Fully agree, although std::optional incurs an extra storage cost.

... given that buffers are movable, a buffer that has been "moved from" is effectively in an "empty buffer" state.

And that is a problem. We could disallow the compiler generated move ctor/assignment to avoid that problem and force a copy of the shared pointer at all times. Then however we would always pay the cost of copying a shared_ptr.

fwyzard commented 2 years ago

We could disallow the compiler generated move ctor/assignment to avoid that problem and force a copy of the shared pointer at all times. Then however we would always pay the cost of copying a shared_ptr.

No, please, we like the performance :-)

fwyzard commented 2 years ago

Default parameters would be hard to guess. The extent could be zero, but on which device? Selecting an arbitrary device could impose problems.

The default status could simply have an empty (nullptr) m_spBufCpuImpl, so it would not be on any device nor point to any actual buffer.

bernhardmgruber commented 2 years ago

The flipside design is then to inline the shared pointers in all alpaka objects and define proper move and copy operations. That would avoid all shared pointer costs (which I guess are very negligible since they are only paid on ctor/dtor and the pointees are expensive objects). You still have the moved-from state as now. We would need to forbid the copy operations then, which might be a usability impediment. Anyway, that is a huge design overhaul.
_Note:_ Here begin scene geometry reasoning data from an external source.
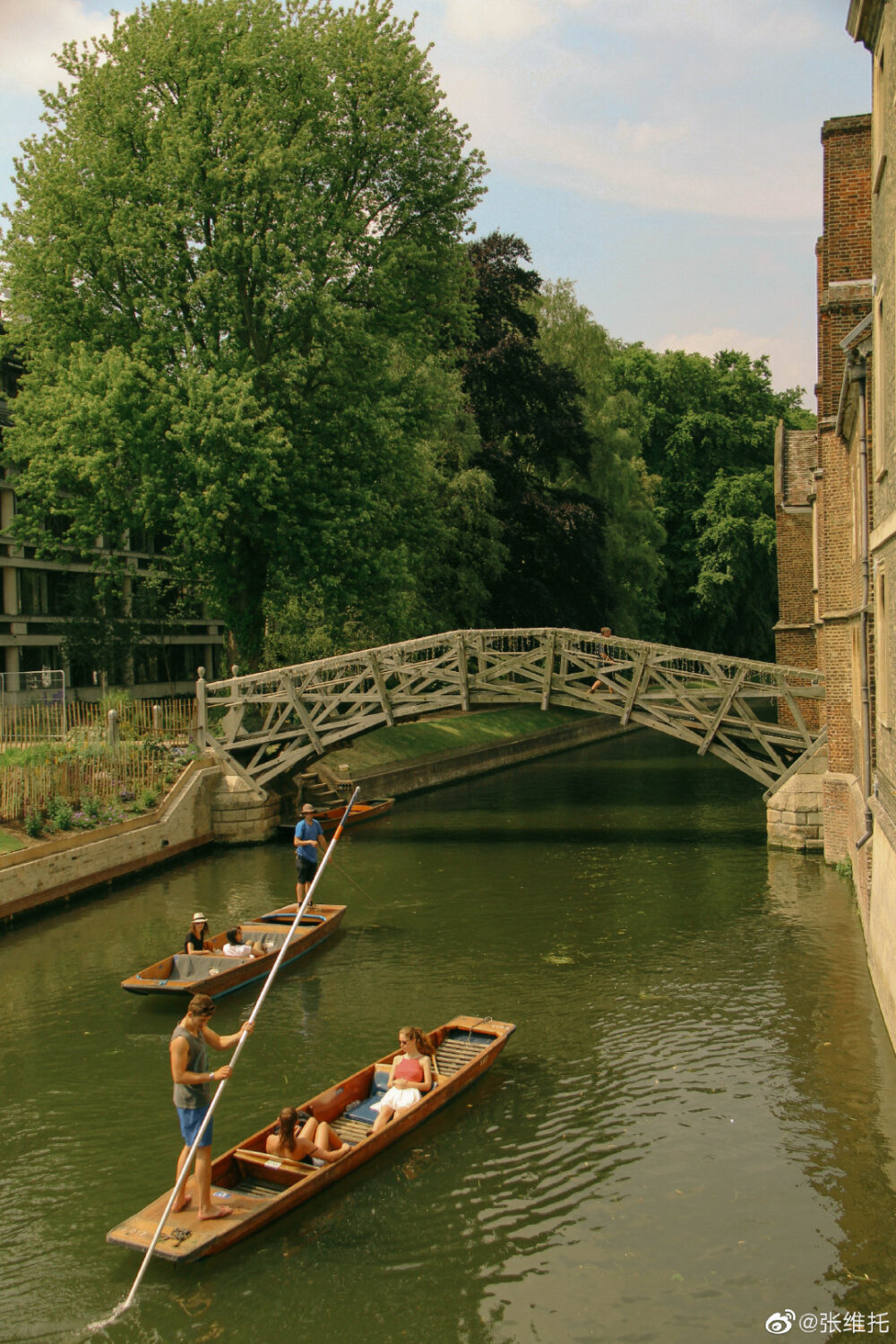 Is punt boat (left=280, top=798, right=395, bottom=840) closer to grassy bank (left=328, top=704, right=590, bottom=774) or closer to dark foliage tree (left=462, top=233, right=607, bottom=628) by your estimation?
grassy bank (left=328, top=704, right=590, bottom=774)

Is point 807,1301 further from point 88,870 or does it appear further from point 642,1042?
point 88,870

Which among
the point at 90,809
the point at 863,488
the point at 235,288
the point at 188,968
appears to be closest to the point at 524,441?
the point at 235,288

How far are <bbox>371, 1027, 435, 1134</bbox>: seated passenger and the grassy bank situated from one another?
65.2ft

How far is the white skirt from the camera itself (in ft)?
33.5

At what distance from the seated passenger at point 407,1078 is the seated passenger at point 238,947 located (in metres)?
4.48

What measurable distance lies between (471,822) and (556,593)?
59.8 feet

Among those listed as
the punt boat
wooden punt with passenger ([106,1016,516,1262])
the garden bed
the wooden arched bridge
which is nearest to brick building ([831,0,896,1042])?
wooden punt with passenger ([106,1016,516,1262])

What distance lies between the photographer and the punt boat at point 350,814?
25.6 metres

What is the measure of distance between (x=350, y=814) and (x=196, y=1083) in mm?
17809

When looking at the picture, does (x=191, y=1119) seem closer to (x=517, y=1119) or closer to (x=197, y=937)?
(x=517, y=1119)

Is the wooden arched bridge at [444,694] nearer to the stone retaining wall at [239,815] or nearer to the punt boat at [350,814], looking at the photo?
the stone retaining wall at [239,815]

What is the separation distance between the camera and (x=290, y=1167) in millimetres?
9047

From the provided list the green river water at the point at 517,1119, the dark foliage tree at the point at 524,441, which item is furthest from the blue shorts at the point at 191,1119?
the dark foliage tree at the point at 524,441

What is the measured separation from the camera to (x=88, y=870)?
20.0 m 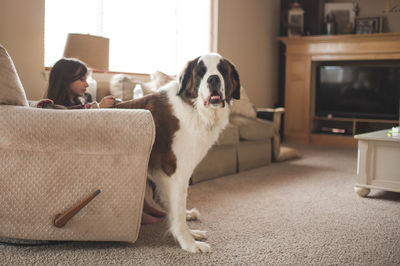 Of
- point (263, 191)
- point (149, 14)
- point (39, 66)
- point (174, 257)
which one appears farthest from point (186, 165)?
point (149, 14)

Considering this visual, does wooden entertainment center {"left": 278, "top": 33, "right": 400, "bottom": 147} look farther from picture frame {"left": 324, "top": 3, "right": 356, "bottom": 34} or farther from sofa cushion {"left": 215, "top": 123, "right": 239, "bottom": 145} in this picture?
sofa cushion {"left": 215, "top": 123, "right": 239, "bottom": 145}

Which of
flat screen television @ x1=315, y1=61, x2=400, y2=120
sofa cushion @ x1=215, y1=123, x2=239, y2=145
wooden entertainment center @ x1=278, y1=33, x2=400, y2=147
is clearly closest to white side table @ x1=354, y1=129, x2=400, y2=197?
sofa cushion @ x1=215, y1=123, x2=239, y2=145

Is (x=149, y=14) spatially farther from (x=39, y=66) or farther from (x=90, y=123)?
(x=90, y=123)

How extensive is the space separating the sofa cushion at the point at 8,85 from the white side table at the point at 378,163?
2.16 metres

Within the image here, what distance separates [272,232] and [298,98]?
4476 mm

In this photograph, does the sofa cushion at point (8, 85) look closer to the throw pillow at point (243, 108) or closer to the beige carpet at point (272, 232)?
the beige carpet at point (272, 232)

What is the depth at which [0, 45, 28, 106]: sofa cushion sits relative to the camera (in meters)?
1.64

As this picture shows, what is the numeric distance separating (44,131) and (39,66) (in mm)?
1931

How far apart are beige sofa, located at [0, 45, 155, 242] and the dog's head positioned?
264mm

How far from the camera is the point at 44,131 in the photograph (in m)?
1.56

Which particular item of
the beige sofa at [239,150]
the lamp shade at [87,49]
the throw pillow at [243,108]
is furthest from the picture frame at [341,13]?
the lamp shade at [87,49]

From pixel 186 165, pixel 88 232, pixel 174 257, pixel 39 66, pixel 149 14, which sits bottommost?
pixel 174 257

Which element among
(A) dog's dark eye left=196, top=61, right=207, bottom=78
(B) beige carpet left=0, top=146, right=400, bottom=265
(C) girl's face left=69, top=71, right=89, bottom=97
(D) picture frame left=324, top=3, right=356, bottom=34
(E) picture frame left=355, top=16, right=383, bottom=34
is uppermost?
→ (D) picture frame left=324, top=3, right=356, bottom=34

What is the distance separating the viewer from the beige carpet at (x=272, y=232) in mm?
1636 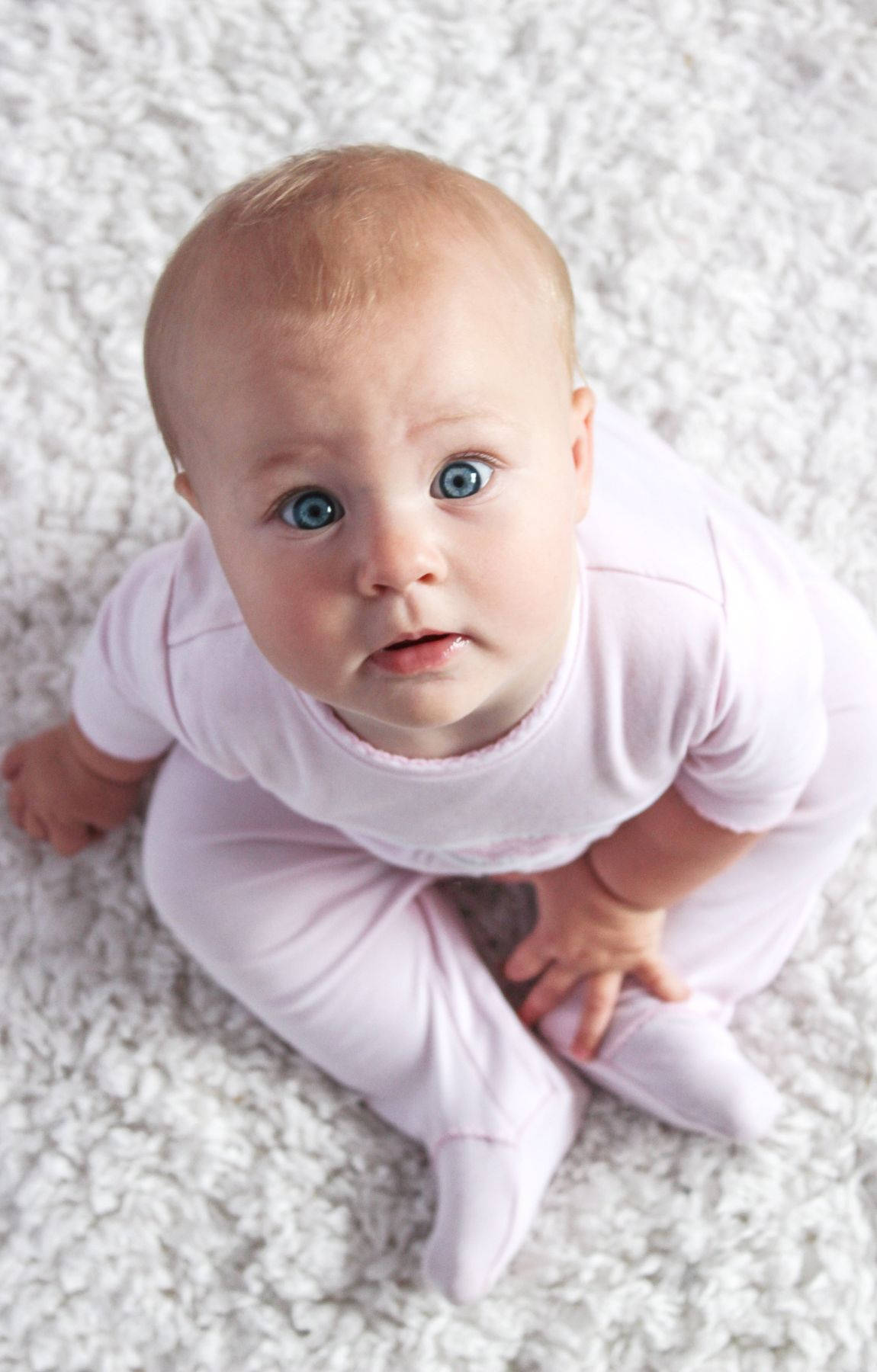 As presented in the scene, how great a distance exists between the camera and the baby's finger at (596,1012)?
111cm

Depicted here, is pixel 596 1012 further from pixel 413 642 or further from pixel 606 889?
pixel 413 642

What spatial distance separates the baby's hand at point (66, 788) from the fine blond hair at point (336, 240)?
1.35 ft

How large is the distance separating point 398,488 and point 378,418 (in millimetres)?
33

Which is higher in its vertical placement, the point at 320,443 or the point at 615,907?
the point at 320,443

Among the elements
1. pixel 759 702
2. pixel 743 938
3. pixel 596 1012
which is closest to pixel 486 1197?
pixel 596 1012

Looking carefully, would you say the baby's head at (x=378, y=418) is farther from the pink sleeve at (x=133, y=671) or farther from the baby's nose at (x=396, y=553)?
the pink sleeve at (x=133, y=671)

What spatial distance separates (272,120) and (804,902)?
733 mm

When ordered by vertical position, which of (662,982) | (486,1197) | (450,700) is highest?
(450,700)

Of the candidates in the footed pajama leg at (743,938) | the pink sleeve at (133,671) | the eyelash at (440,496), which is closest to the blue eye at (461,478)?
the eyelash at (440,496)

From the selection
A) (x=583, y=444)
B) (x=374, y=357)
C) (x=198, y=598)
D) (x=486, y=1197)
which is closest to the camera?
(x=374, y=357)

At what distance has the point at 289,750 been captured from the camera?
933 millimetres

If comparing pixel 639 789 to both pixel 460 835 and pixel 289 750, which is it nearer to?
pixel 460 835

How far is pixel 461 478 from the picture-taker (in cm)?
72

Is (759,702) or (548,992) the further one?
(548,992) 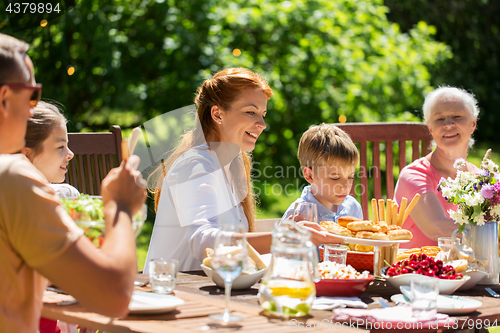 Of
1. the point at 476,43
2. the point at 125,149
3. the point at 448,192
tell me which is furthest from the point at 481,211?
the point at 476,43

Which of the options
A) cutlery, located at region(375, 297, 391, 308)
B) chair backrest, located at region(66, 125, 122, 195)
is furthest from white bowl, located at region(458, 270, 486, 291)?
chair backrest, located at region(66, 125, 122, 195)

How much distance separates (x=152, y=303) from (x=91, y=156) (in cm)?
181

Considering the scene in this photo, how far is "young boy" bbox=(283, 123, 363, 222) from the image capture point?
301 centimetres

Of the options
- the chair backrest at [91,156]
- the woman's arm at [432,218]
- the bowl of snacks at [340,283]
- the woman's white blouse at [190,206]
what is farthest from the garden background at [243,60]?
the bowl of snacks at [340,283]

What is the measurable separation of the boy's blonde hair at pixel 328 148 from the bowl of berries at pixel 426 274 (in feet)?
3.60

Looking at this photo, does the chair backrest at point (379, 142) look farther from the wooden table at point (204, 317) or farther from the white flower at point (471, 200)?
the wooden table at point (204, 317)

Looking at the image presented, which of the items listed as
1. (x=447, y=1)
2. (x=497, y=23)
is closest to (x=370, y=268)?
(x=447, y=1)

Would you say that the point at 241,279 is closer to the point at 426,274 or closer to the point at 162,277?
the point at 162,277

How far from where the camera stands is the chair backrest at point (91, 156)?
303 cm

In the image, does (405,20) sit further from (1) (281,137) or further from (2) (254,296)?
(2) (254,296)

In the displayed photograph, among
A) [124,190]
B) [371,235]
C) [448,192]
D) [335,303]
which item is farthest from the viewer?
[448,192]

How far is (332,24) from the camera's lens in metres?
6.39

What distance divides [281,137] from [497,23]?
7095 mm

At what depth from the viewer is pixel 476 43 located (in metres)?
11.1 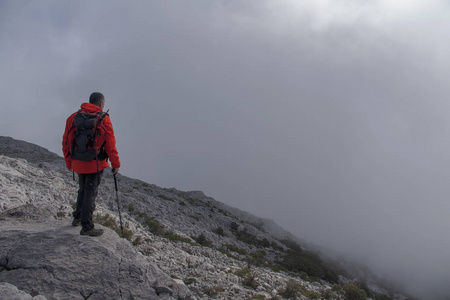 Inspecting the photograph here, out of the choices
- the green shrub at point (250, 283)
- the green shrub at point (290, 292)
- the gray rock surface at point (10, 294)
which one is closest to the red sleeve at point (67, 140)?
the gray rock surface at point (10, 294)

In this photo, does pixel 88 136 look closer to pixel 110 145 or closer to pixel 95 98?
pixel 110 145

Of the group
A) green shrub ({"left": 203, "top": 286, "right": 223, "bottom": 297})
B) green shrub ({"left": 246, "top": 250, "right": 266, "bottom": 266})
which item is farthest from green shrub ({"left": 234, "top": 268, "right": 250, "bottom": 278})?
green shrub ({"left": 246, "top": 250, "right": 266, "bottom": 266})

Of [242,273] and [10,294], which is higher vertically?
[10,294]

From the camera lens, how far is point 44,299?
165 inches

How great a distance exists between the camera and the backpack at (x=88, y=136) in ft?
18.8

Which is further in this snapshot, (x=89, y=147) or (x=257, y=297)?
(x=257, y=297)

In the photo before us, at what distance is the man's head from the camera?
632cm

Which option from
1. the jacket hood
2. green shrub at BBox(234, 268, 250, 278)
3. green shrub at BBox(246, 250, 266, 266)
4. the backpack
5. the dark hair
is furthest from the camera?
green shrub at BBox(246, 250, 266, 266)

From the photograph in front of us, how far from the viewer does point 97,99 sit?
636 cm

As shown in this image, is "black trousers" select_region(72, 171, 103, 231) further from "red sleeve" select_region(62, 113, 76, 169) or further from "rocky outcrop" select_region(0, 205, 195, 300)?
"red sleeve" select_region(62, 113, 76, 169)

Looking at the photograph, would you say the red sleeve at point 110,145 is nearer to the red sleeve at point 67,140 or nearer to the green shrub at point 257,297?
the red sleeve at point 67,140

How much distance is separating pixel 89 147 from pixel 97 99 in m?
1.30

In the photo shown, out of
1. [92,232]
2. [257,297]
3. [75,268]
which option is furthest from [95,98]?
[257,297]

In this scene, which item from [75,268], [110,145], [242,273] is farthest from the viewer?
[242,273] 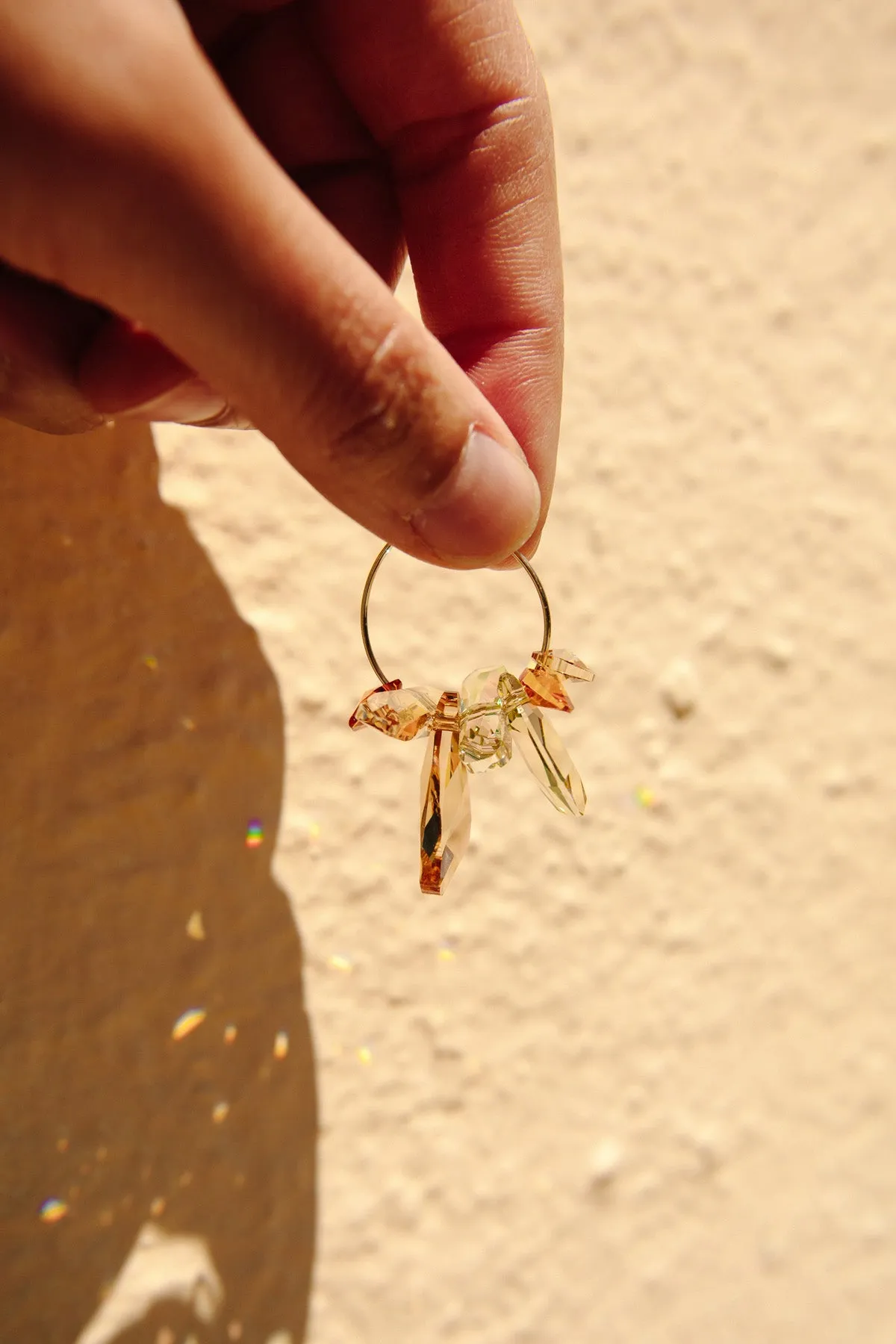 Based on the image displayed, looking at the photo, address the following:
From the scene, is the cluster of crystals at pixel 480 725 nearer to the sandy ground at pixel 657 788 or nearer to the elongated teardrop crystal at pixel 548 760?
the elongated teardrop crystal at pixel 548 760

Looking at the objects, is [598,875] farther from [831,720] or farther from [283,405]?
[283,405]

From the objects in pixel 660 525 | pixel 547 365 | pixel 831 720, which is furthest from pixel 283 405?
pixel 831 720

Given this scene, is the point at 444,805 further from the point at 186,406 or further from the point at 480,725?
the point at 186,406

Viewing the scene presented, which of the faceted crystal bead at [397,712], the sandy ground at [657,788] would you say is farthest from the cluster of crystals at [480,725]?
the sandy ground at [657,788]

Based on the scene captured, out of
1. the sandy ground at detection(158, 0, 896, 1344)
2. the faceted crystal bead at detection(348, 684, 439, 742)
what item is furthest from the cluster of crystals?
the sandy ground at detection(158, 0, 896, 1344)

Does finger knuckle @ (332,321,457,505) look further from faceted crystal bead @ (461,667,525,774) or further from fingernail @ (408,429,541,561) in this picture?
faceted crystal bead @ (461,667,525,774)

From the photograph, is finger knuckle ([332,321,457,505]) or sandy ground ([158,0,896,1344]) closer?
finger knuckle ([332,321,457,505])

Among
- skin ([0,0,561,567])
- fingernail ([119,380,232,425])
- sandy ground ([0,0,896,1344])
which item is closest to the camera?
skin ([0,0,561,567]) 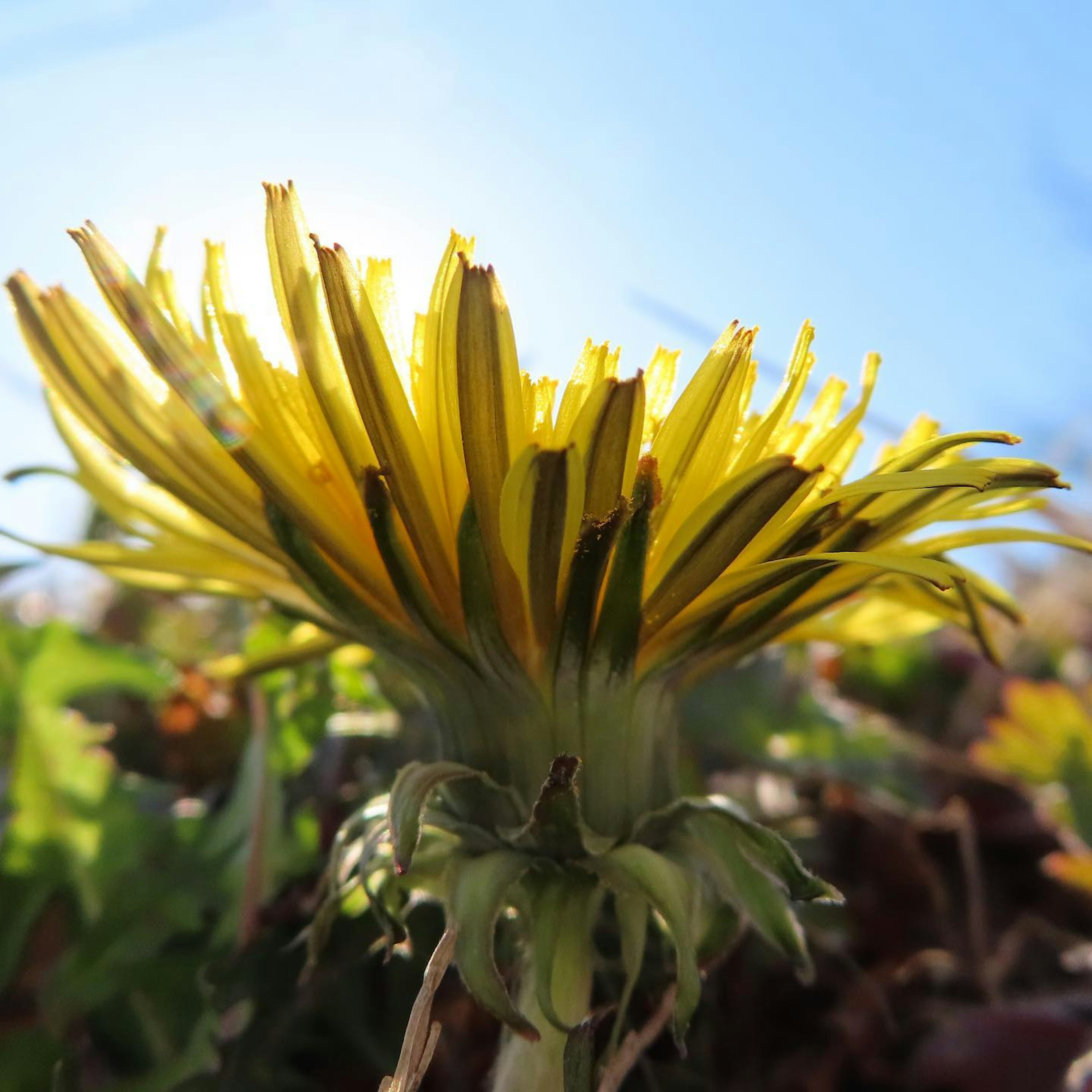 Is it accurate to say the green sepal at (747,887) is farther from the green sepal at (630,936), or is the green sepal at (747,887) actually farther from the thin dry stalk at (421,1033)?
the thin dry stalk at (421,1033)

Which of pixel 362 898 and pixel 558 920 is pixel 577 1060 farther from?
pixel 362 898

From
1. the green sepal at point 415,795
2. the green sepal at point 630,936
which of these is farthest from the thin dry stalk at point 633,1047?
the green sepal at point 415,795

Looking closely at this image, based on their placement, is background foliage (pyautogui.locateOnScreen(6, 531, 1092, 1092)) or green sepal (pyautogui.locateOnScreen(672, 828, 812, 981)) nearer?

And I guess @BenjaminW3 designed alpaka's API with reference counted objects for a reason.

fwyzard commented 2 years ago

The flipside design is then to inline the shared pointers in all alpaka objects and define proper move and copy operations.

What would it mean to "inline the shared pointers" ? If the reference counting were part of the object itself, it wouldn't be a shared pointer, because it wouldn't have anything to point too ?

bernhardmgruber commented 2 years ago

What would it mean to "inline the shared pointers" ? If the reference counting were part of the object itself, it wouldn't be a shared pointer, because it wouldn't have anything to point too ?

Moving the contents of BufXXXImpl into BufXXX and removing the shared pointer and then BufXXXImpl, leaving BufXXX no longer reference countable.

fwyzard commented 2 years ago

Moving the contents of BufXXXImpl into BufXXX and removing the shared pointer and then BufXXXImpl

So... basically using BufXXXImpl directly instead of BufXXX ?

leaving BufXXX no longer reference countable.

Do you mean "no longer reference counted" rather than "no longer reference countable" ?

bernhardmgruber commented 2 years ago

Moving the contents of BufXXXImpl into BufXXX and removing the shared pointer and then BufXXXImpl

So... basically using BufXXXImpl directly instead of BufXXX ?

Yes. Making BufXXXImpl the public interface.

leaving BufXXX no longer reference countable.

Do you mean "no longer reference counted" rather than "no longer reference countable" ?

Yes, BufXXXImpl just has the native handles just embedded directly. It does not have a reference counted shared state any longer.